Cornerbacks Caesar Williams (left leg) and Deron Harrell (head) likely will be game-time decisions, but sophomore defensive end Isaiahh Loudermilk already has been declared out with an ankle injury.
Loudermilk’s absence will weaken an already anemic pass rush for UW. The Badgers have managed only five sacks this season and linebacker Andrew Van Ginkel has been limited in the last two games with a leg injury.
GAME DAY: Wisconsin vs. Michigan preview, prediction
Redshirt freshman walk-on Matt Henningsen probably will get the call to start for Loudermilk. UW starts another redshirt freshman, Kayden Lyles, at the other defensive end spot.
Henningsen and Lyles started together in the season opener when Loudermilk was recovering from a knee injury.
“Matt Henningsen and Kayden hadn’t played (then),” UW coach Paul Chryst said Thursday. “This is Game 6. They know what it’s like to play in a game.
“Now we haven’t played Michigan yet, but each week there’s a different challenge to it. But guys have played.”

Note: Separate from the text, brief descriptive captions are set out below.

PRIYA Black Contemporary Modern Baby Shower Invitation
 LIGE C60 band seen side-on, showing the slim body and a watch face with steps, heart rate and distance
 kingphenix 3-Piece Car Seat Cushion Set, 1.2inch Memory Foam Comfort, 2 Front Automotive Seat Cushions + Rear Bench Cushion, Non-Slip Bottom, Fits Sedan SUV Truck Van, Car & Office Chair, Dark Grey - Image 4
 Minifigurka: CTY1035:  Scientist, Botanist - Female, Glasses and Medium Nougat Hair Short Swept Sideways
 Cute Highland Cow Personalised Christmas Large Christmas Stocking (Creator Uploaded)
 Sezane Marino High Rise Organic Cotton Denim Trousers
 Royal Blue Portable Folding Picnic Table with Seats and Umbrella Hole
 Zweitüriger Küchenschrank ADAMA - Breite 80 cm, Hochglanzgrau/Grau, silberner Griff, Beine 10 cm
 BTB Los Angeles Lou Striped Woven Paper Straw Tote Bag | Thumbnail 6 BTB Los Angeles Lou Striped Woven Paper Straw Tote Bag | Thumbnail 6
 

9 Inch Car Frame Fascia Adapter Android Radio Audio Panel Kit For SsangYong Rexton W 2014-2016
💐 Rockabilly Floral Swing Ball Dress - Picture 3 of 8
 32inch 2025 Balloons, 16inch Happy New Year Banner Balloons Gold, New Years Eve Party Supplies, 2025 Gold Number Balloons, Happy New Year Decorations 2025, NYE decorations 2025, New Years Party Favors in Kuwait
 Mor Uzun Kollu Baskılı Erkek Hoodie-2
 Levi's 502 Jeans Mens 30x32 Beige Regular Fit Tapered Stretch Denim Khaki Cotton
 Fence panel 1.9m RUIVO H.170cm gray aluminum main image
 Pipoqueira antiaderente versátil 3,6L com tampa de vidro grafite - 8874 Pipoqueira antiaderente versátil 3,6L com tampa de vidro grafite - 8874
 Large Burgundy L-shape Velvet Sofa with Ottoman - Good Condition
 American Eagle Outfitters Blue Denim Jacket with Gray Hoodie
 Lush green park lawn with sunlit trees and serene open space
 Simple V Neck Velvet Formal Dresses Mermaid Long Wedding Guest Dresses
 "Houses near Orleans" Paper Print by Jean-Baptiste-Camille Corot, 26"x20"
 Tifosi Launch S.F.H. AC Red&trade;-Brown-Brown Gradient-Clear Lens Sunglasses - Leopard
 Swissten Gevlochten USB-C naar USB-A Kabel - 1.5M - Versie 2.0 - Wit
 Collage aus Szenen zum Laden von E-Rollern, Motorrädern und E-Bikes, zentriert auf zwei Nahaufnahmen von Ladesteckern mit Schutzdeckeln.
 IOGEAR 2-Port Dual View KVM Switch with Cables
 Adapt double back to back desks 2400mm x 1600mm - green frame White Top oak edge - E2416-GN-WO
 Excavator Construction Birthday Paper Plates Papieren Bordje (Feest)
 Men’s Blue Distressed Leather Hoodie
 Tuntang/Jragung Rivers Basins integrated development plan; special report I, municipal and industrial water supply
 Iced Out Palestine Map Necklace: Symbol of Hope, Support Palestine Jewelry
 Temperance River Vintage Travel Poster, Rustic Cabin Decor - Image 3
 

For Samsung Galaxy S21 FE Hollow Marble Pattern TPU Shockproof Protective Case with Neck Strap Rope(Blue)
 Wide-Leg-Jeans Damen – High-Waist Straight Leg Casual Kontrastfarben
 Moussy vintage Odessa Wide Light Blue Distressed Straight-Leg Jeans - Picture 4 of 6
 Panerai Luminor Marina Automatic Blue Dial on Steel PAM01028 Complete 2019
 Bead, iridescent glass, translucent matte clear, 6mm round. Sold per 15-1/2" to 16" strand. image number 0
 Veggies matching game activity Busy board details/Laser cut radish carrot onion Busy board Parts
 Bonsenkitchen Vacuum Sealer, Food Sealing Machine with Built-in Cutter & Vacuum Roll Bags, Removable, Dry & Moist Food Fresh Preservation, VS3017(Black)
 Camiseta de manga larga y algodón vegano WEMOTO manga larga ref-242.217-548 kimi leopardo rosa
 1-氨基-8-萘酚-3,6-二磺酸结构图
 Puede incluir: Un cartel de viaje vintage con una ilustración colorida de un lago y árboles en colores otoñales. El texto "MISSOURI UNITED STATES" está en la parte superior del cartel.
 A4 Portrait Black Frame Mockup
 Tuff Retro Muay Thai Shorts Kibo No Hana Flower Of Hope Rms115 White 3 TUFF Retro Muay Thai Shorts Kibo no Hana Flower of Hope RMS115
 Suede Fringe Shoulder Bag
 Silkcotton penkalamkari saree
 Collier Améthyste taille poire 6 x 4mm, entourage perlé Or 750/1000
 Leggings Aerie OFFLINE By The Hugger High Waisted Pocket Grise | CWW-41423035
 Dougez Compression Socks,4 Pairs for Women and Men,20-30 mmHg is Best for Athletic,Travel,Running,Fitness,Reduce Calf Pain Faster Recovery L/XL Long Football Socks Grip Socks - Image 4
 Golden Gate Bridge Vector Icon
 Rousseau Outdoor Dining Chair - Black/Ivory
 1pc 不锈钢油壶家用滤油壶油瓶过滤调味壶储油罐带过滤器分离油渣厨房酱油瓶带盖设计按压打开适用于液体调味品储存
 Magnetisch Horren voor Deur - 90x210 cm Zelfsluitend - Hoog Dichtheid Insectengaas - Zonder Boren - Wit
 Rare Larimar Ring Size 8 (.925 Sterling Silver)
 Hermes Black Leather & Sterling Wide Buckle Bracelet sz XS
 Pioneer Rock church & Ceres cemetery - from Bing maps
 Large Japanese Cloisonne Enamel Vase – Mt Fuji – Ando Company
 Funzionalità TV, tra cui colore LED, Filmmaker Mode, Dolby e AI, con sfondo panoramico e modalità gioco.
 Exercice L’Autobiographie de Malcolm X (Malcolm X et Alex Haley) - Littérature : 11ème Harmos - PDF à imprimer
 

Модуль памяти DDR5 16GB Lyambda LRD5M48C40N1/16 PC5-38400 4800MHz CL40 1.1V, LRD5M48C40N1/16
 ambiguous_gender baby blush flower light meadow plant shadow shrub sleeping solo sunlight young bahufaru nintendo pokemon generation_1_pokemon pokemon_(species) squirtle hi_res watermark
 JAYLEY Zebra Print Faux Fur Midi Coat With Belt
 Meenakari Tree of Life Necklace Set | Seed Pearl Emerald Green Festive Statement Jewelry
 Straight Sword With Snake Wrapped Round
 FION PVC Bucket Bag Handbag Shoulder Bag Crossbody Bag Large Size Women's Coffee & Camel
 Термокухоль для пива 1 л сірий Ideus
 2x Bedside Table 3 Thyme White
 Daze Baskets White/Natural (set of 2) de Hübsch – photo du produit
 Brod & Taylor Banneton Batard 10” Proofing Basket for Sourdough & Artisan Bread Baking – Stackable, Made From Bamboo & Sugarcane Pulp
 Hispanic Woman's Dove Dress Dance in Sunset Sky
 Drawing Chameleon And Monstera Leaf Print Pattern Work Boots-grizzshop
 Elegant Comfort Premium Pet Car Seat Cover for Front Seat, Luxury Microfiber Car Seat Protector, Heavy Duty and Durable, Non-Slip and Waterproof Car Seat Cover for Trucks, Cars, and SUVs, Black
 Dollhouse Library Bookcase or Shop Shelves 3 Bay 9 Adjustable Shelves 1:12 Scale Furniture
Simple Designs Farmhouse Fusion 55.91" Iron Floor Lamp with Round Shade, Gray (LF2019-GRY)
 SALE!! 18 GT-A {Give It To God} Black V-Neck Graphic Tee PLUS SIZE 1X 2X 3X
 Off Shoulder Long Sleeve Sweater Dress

UW guard Beau Benzschawel knows that the offense might have to carry the team a bit more this week. And in order for the Badgers to sustain drives, Benzschawel and his cohorts on the offensive line must have success against the ultra-talented front seven of the Michigan defense.
“I think we know that this game is going to fall on our shoulders,” Benzschawel said. “Running backs aren’t going to be able to bust big runs if the holes aren’t there for them.
“Ultimately it falls on us, so I don’t think it really matters who’s across from us.”
It would help the Badgers if they could get off to a better start than they did against Nebraska last weekend.
UW ended up with 41 points, but that could have been much higher if the Badgers hadn’t settled for field goals on their first scoring drives.
On their first drive, the Badgers piled up 63 yards in 15 plays while taking 7 minutes and 52 seconds off the clock. But the drive came to a halt when quarterback Alex Hornibrook could not complete a pass to wide receiver Kendric Pryor on third and 7. UW settled for a 30-yard field goal by Rafael Gaglianone.
In the second quarter, UW moved the ball 41 yards but stalled when Hornibrook had a pass to A.J. Taylor broken up on another third-and-7 play. Gaglianone hit a 28-yard field goal.
“I think it was just small things, execution,” Hornibrook said. “There were some third downs that we didn’t get. That was the reason we had to settle for a field goal.
“We moved the ball pretty well, we just didn’t end up with six points. We ended up with three and I think that’s just converting those third downs and keeping those drive going.”
Dominating time of possession is often a key part of winning on the road. UW has been very successful winning away from home under Chryst, going 15-1 in true road games. The Badgers have won 10 straight on the road, the second-longest streak in the nation behind Oklahoma (17).
A win at Michigan Stadium with an undermanned defense would be a big statement for UW.
“Shoot, man, any time you win games is big,” UW offensive coordinator Joe Rudolph said. “You can see it all over this conference. There’s great matchups, there’s great players, there’s great coaching.
“Guys come in with game plans that do their best and can give you trouble no matter who they are. I think you celebrate every win and hope you grow from every game.”